*ABOUT THIS EXERCISE*
In the records below, find the line with "Bramowiec Mercedes Wymienne" and repeat exactly every line from it through the line with "VW Arteon 2.0". Pictures stay out.

*RECORDS FOR PROCESSING*
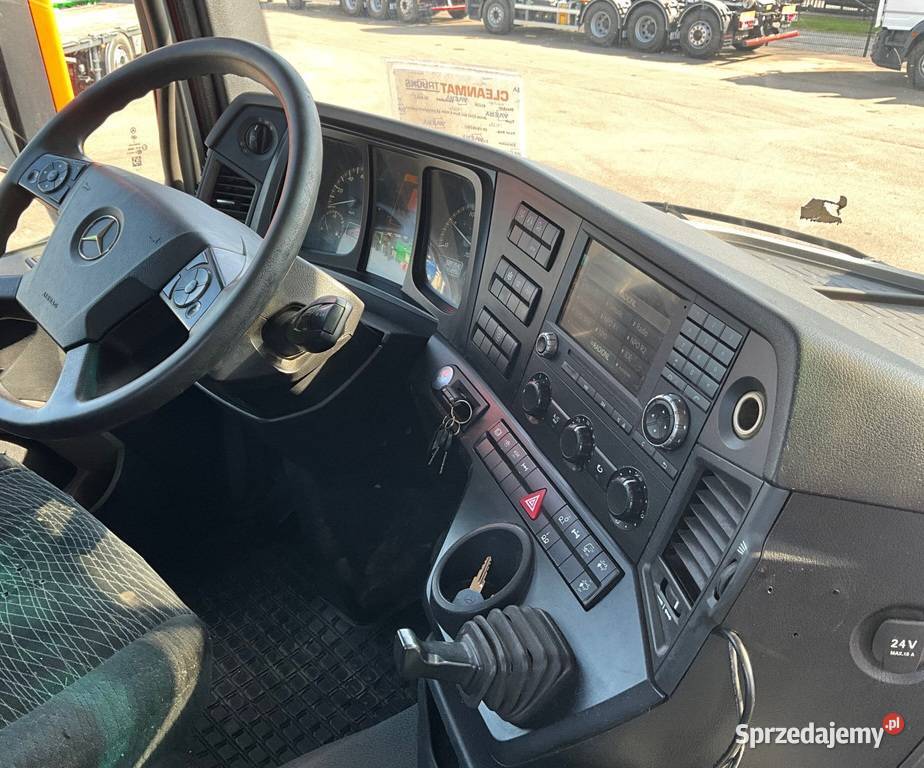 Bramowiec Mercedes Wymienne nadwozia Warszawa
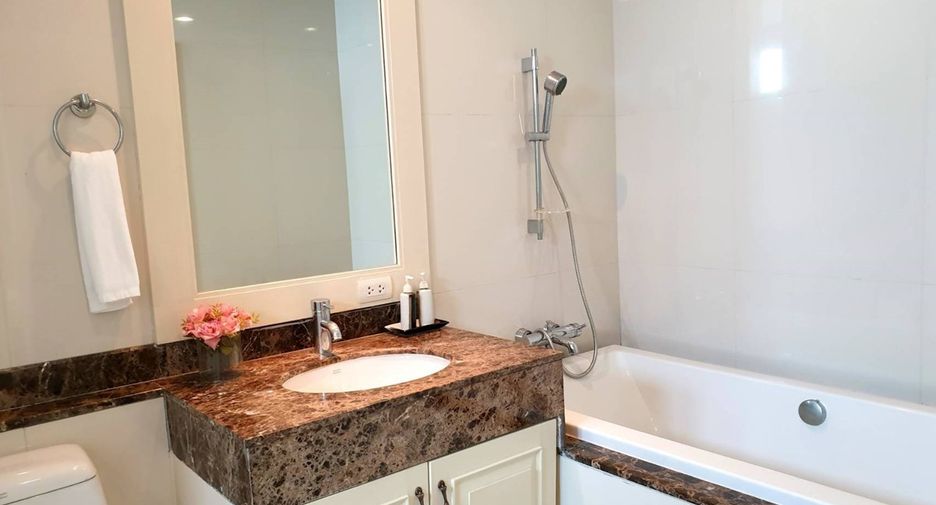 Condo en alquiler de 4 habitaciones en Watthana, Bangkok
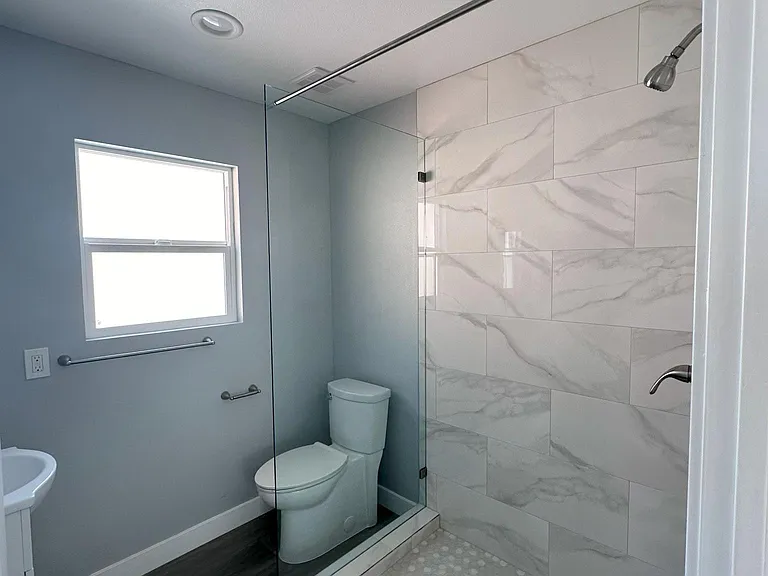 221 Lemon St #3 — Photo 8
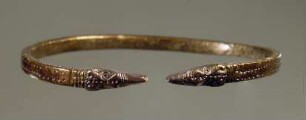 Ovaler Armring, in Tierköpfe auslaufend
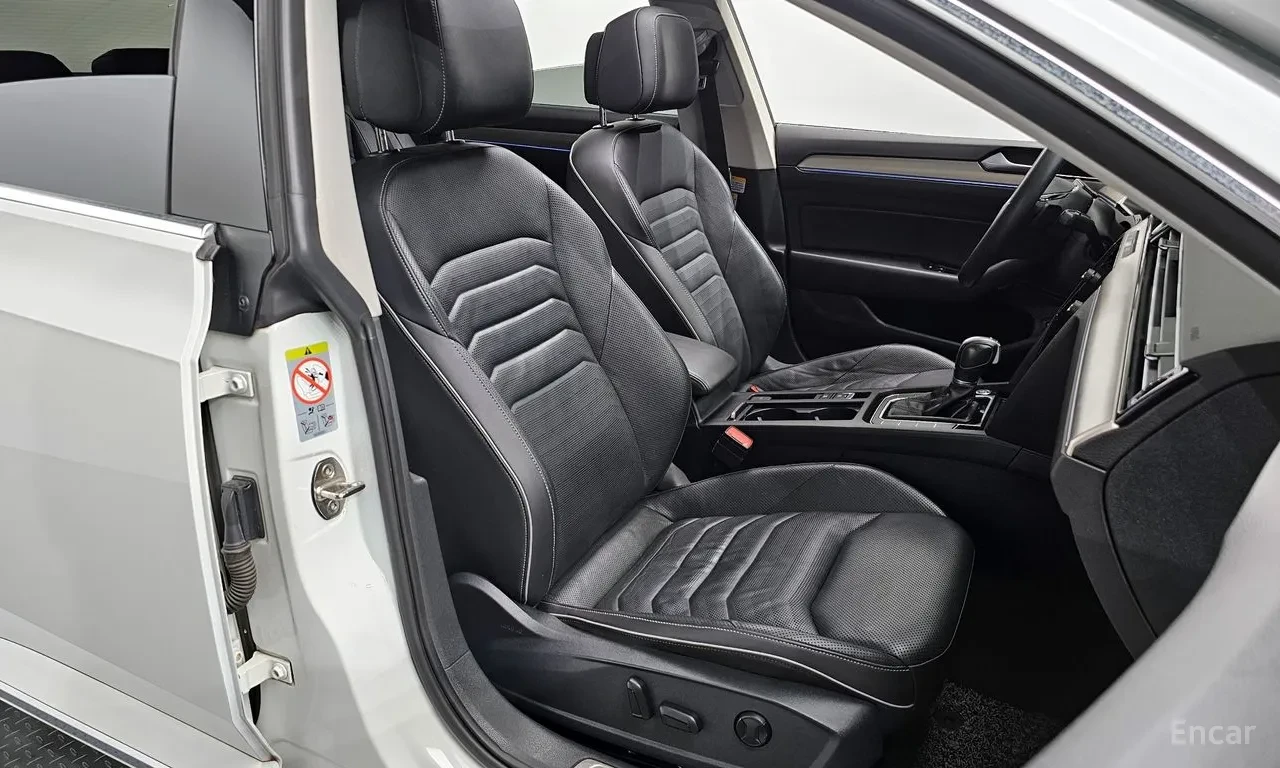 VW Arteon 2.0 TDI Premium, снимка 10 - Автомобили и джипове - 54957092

==

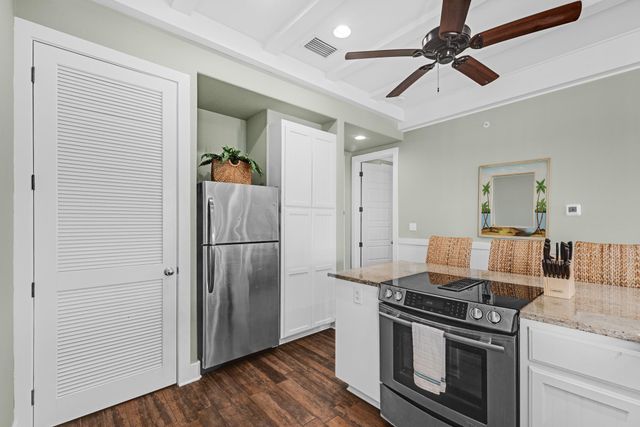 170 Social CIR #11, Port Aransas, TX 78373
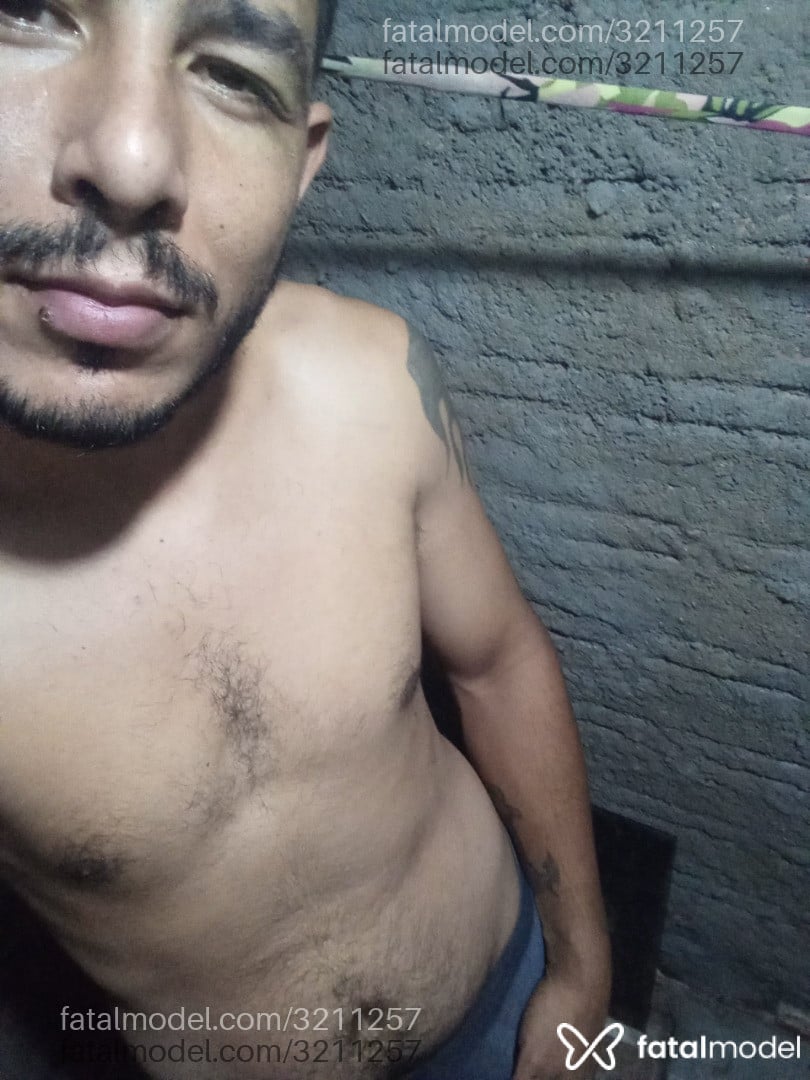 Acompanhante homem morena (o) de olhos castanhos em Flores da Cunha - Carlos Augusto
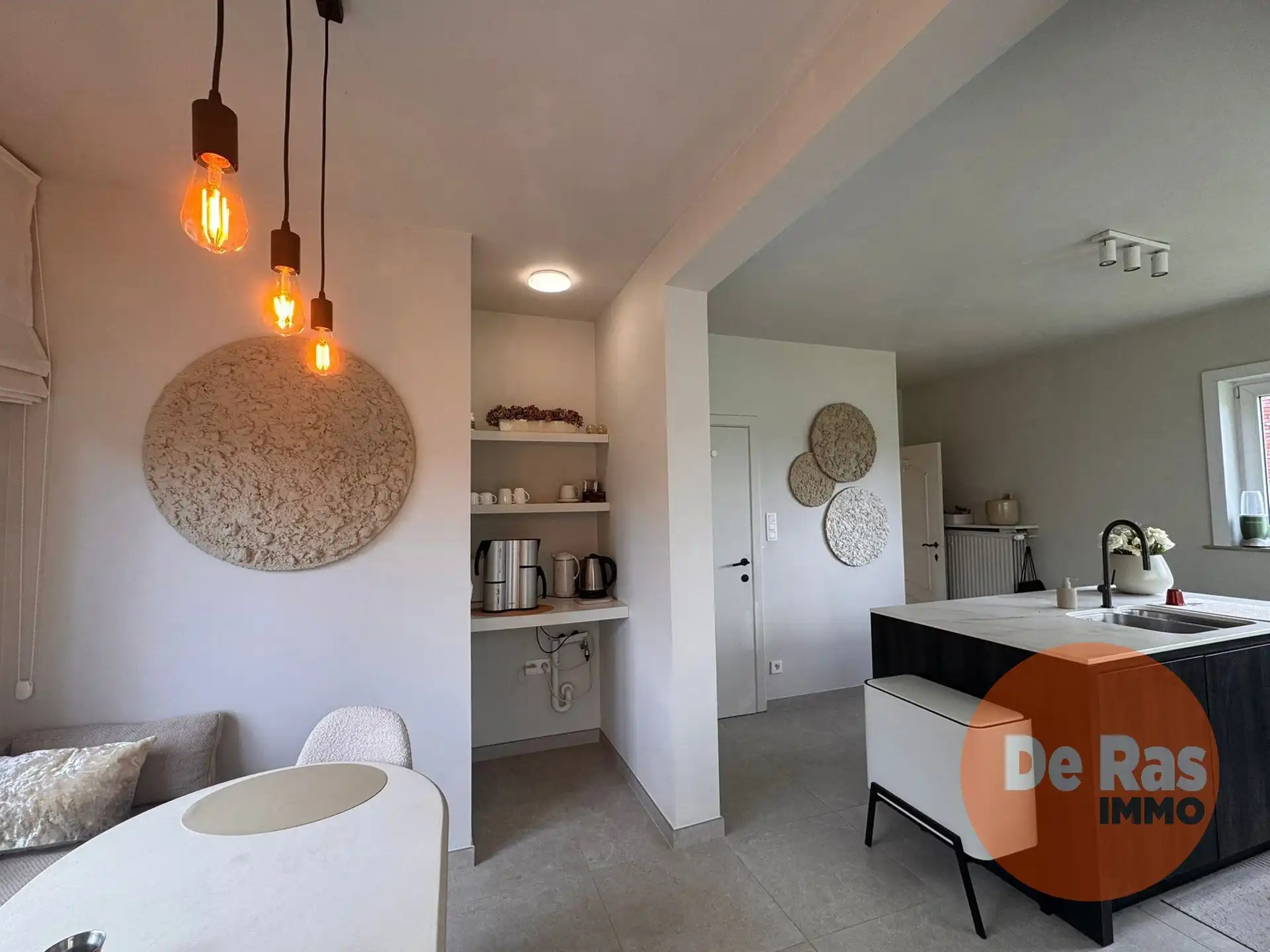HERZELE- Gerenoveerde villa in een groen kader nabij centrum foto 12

--

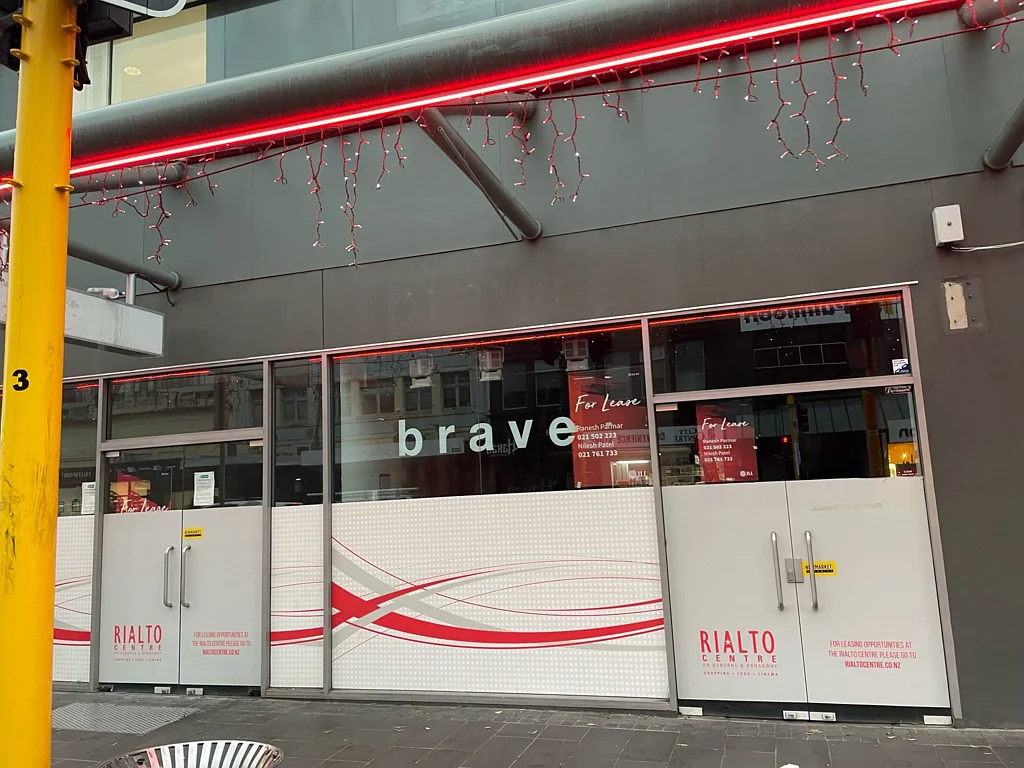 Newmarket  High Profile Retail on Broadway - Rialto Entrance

*RESPONSE TO THIS EXERCISE*
 Bramowiec Mercedes Wymienne nadwozia Warszawa
 Condo en alquiler de 4 habitaciones en Watthana, Bangkok
 221 Lemon St #3 — Photo 8
 Ovaler Armring, in Tierköpfe auslaufend
 VW Arteon 2.0 TDI Premium, снимка 10 - Автомобили и джипове - 54957092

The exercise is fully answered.